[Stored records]
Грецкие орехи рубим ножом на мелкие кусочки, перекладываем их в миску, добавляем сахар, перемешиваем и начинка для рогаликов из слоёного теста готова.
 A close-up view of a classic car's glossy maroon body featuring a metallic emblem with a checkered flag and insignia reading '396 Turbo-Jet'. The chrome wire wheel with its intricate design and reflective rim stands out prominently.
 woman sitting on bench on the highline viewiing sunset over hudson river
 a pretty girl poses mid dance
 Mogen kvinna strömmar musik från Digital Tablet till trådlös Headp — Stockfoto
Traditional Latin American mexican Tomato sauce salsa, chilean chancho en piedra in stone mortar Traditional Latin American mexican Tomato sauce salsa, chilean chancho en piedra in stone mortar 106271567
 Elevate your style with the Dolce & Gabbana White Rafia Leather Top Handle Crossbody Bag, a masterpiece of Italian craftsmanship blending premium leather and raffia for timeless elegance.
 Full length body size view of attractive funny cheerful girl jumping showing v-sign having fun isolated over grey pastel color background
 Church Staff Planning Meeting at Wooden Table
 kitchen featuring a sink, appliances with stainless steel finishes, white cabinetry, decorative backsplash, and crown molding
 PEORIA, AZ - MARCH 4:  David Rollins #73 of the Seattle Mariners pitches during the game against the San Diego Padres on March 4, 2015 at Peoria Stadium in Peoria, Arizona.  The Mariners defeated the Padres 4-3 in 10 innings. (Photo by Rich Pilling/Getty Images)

• [YOUR TASK]:
Please go through the data above and copy each line containing the word "over".

• [ANSWER FOR THIS EXERCISE]:
 woman sitting on bench on the highline viewiing sunset over hudson river
 Full length body size view of attractive funny cheerful girl jumping showing v-sign having fun isolated over grey pastel color background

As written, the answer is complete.